La historia señala a Malcolm McLaren y su mítica tienda “Sex”, considerada de antimoda y ropa de piel, como un lugar emblemático en la concepción del punk. Ubicada en Londres y llena de chavos señalados como jodidos, rápidamente se vuelve un punto de reunión y es donde el joven John Lyndon junto a Glen Matlock crearon a los Sex Pistols, lo demás es historia.

Pese a que fueron los Ramones en 1976 cuando lanzan su disco homónimo, es el Never Mind the Bollocks, Here´s the Sex Pistols de 1977 el disco celebrado como el punto de partida del punk. A ellos les siguieron The Damned y su Damned, damned, damned (1977), Misfits y su Static Age (1978) y The Clash con su The Clash UK (1977) como los pilares de un incipiente género musical que decía mucho e incomodaba aún más.

Del otro lado, estaba el régimen establecido y sus métodos de contrarrevolución cultural para mantener todo a su conveniencia. Además de ser señalado y vetado de los medios de comunicación, se le relaciono con la satanización de la drogas, el narcotráfico, las enfermedades de transmisión sexual (principalmente el SIDA), y sobre todo, con el comunismo y el terrorismo.

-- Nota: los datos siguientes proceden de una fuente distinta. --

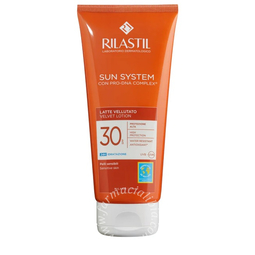 Rilastil sun system photo protection terapy latte vellutante spf 30 200 ml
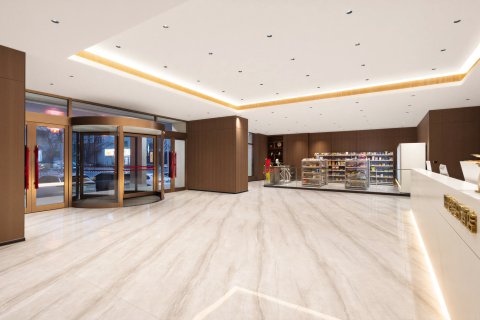 锦州阳光假日酒店(中央大街凌河夜市店)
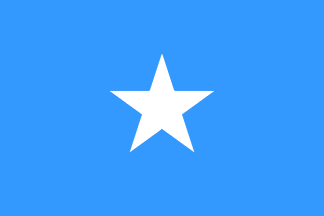 Nationella flagga, Somalia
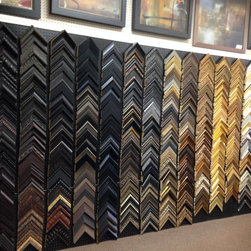 Frame  Selections - Picture Frames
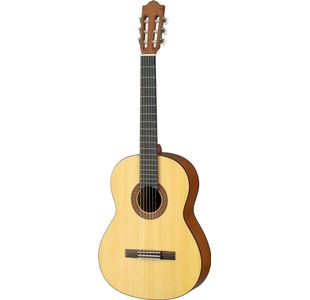 YAMAHA C40MII GUITARE CLASSIQUE NATURELLE MATE - Table Epicéa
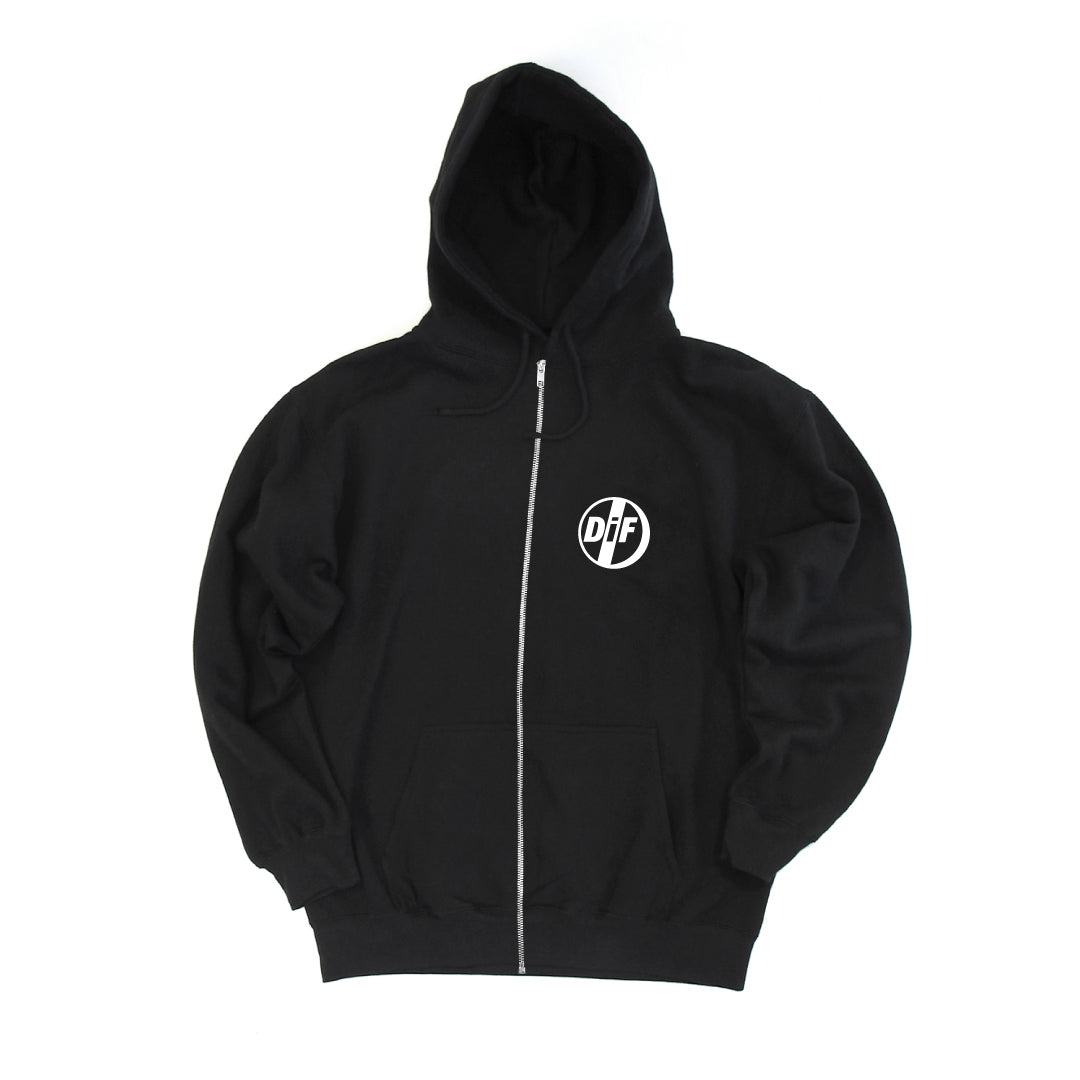 Limited Zip Hooded Sweatshirt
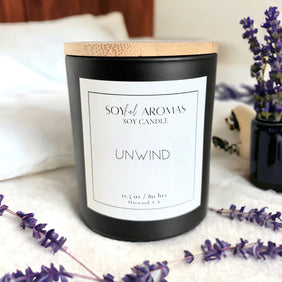 UNWIND CANDLE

El lenguaje utilizado provocaba una guerra intensa, pero desde una posición desigual en donde se distorsionaba la realidad. Ellos eran fieles portavoces de las demandas sociales: policías corruptos, represión, miseria, regímenes políticos autoritarios, y su mejor arma, la injusticia. El sonido de sus canciones era un escaparate que capturaba de la mejor manera el ambiente de caos y distorsión.

Mas tarde llegaron bandas como Talking Heads, Blondie, The Pretenders, Bad Religión, NOFX, entre otras; que le siguieron dando sentido a dicha corriente. Es a partir de la segunda mitad de la década de los 70´s, durante los 80´s y los 90´s cuando goza de sus mejores años. El presente siglo lo distorsiono todo, de una manera descarada y alejada de su esencia.

Pero también en México se experimentó la oleada punk, aunque su llegada fue contraria a la forma en que se creó. Como casi todo género musical de aquella época, fue introducido por Juniors que tenían acceso a la información proveniente de aquellos países. Por lo cual, en sus inicios, y como lo señala Juan Manuel Valenzuela, el punk era más rock y facha que otras cosas.

Ya establecido en el país, los punks se confieren como auténticos nómadas urbanos. En donde la heroína, el alcohol y los fármacos se vuelven su estilo de vida, además los pelos parados, los pantalones rasgados y a la usanza de los Ramones, con sus respectivas chamarras de piel, fueron la marca registrada de los punks en territorio nacional.

Así fueron llegando una diversidad de propuestas y estilos, pero fueron MASACRE 68, ATOXXXICO e HISTERIA las bandas más recordadas entre los fieles seguidores. Aunque también tienen un lugar especial Rebel D´Punk, Psicosis, Anti-Gobierno y los D.F.CTUOSOS. Todos ellos alzando su voz ante los constantes atropellos de los gobiernos en turno. Lo que les valió que fueran criminalizados y casi vetados.

Pero eso no fue impedimento y fueron los hoyos funky los lugares que albergarían a dichas bandas para mantenerse en contacto con su público. Muchas veces sin un salario establecido y tocando simplemente por el puro antojo y unas cuantas chelas y comida. Las constantes adicciones de sus integrantes fueron acabando con las diferentes bandas, más el legado quedaba ahí.

Eso es el punk: una constante lucha entre la criminalización y la ironía, entre la arbitrariedad y la desfachatez, entre el autoritarismo y el valemadrismo, entre el silencio y el ruido, entre la injusticia y el enojo. Eso es, así se concibió y así lo entendemos, porque ese mal llamado “happy punk”, que tanto dio de que hablar en los inicios del presente siglo, es facha. El verdadero punk no te pone feliz, te hace encabronar y gritar al aire: ¡Hey, go, let´s go!